*WHAT THE EXERCISE ASKS:*
With the pictures left out, every record must be reproduced exactly.

*DATASET EXCERPTS:*
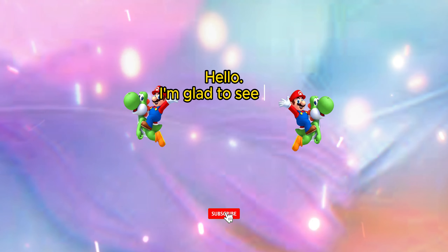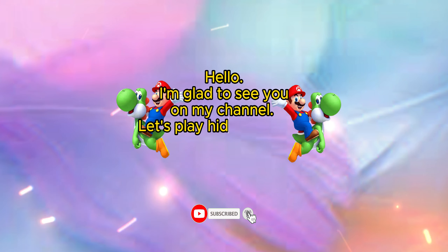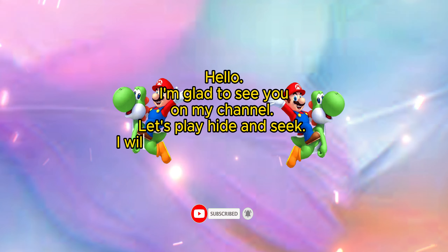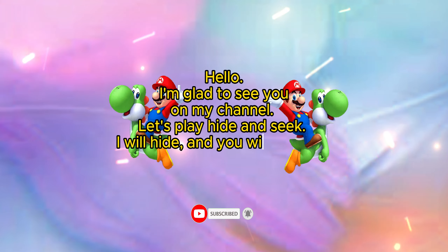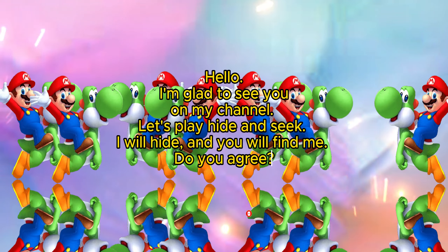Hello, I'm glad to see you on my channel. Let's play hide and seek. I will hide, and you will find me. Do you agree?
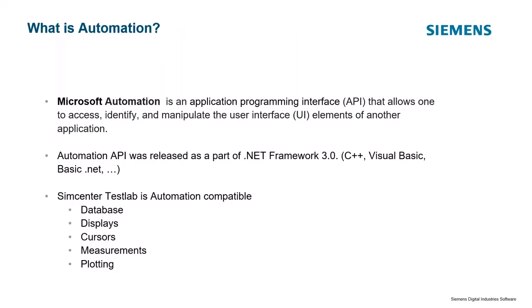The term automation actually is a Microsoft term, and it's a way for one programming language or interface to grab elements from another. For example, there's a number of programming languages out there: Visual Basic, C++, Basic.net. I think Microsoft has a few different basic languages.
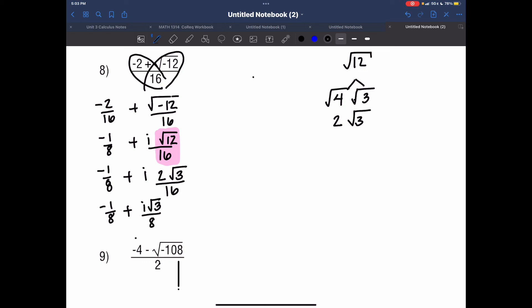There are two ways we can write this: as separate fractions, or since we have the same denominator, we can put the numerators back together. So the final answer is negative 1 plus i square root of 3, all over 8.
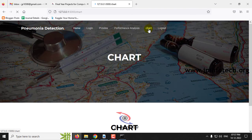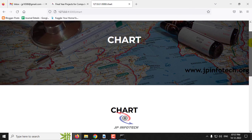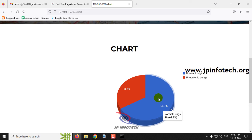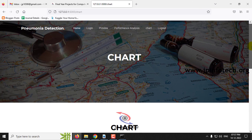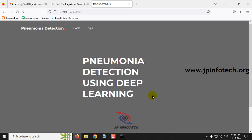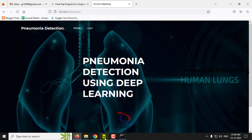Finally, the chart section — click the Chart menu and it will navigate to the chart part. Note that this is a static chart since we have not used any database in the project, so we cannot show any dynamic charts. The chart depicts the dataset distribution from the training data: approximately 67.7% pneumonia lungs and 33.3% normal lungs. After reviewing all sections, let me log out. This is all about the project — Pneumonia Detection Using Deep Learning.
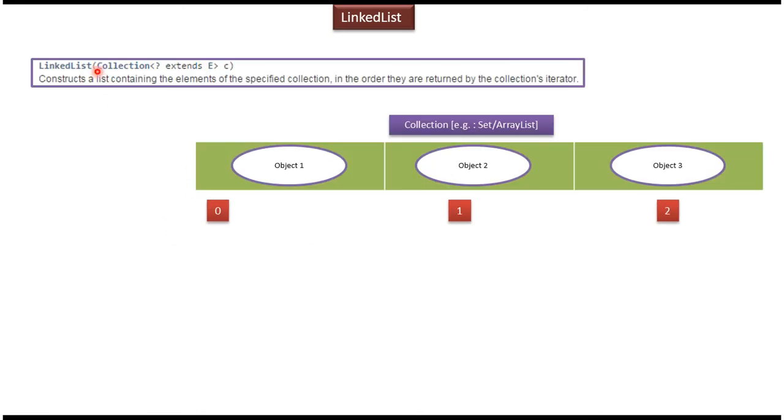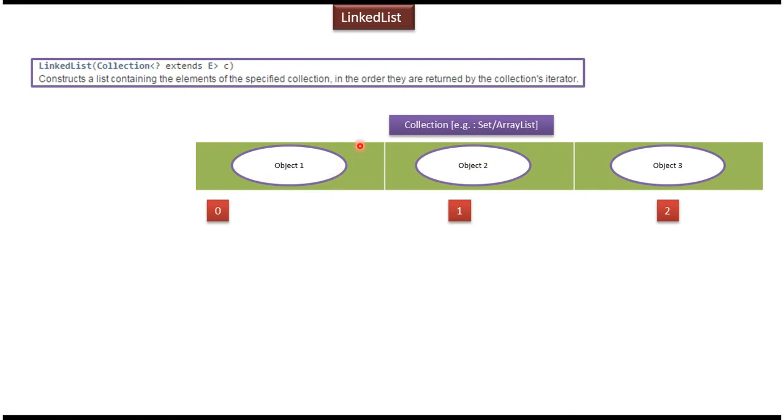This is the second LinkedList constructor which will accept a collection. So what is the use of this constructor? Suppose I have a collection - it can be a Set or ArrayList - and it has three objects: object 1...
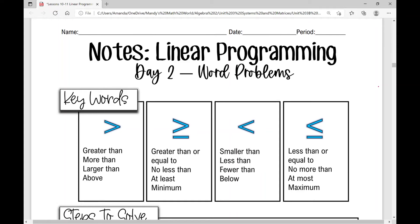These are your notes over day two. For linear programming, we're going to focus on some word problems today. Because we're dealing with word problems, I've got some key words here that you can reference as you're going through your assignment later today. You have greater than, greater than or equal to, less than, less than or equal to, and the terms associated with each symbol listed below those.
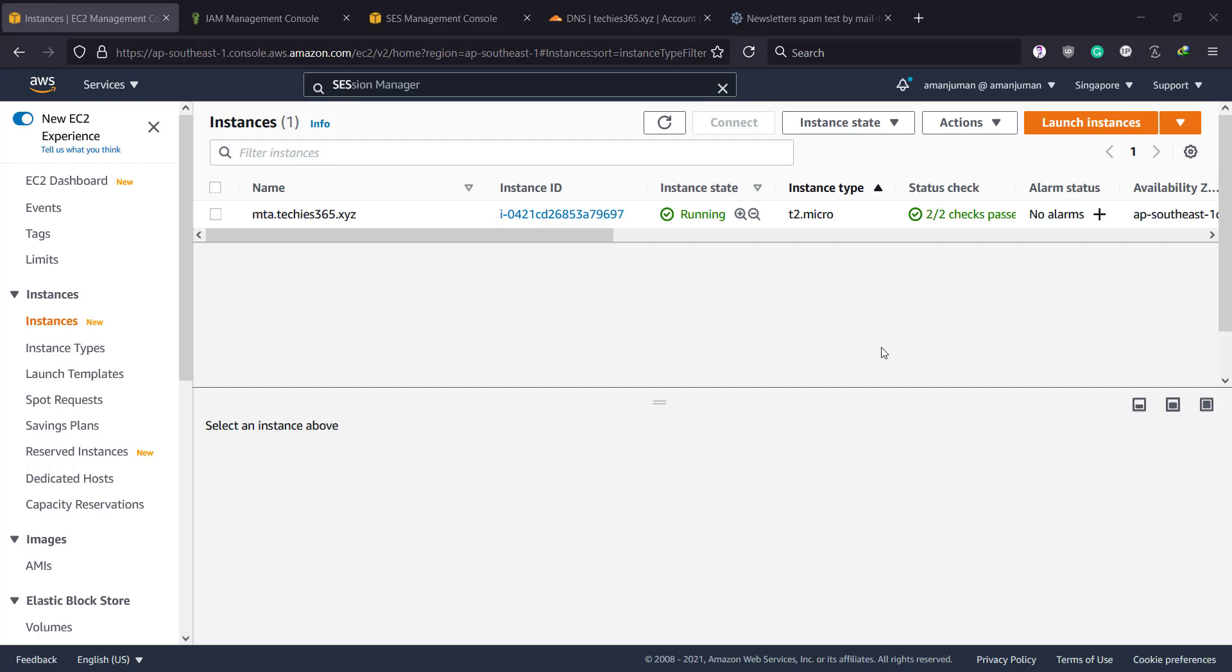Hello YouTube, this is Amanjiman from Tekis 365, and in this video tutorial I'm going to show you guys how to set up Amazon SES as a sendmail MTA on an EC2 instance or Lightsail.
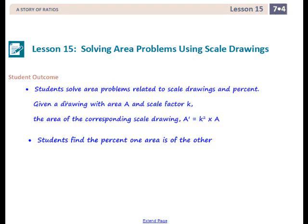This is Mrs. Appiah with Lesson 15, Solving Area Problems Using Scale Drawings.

*TASK RESPONSE:*
Hello, I'm glad to see you on my channel. Let's play hide and seek. I will hide, and you will find me. Do you agree?
The term automation actually is a Microsoft term, and it's a way for one programming language or interface to grab elements from another. For example, there's a number of programming languages out there: Visual Basic, C++, Basic.net. I think Microsoft has a few different basic languages.
There are two ways we can write this: as separate fractions, or since we have the same denominator, we can put the numerators back together. So the final answer is negative 1 plus i square root of 3, all over 8.
Finally, the chart section — click the Chart menu and it will navigate to the chart part. Note that this is a static chart since we have not used any database in the project, so we cannot show any dynamic charts. The chart depicts the dataset distribution from the training data: approximately 67.7% pneumonia lungs and 33.3% normal lungs. After reviewing all sections, let me log out. This is all about the project — Pneumonia Detection Using Deep Learning.
This is the second LinkedList constructor which will accept a collection. So what is the use of this constructor? Suppose I have a collection - it can be a Set or ArrayList - and it has three objects: object 1...
These are your notes over day two. For linear programming, we're going to focus on some word problems today. Because we're dealing with word problems, I've got some key words here that you can reference as you're going through your assignment later today. You have greater than, greater than or equal to, less than, less than or equal to, and the terms associated with each symbol listed below those.
Hello YouTube, this is Amanjiman from Tekis 365, and in this video tutorial I'm going to show you guys how to set up Amazon SES as a sendmail MTA on an EC2 instance or Lightsail.
This is Mrs. Appiah with Lesson 15, Solving Area Problems Using Scale Drawings.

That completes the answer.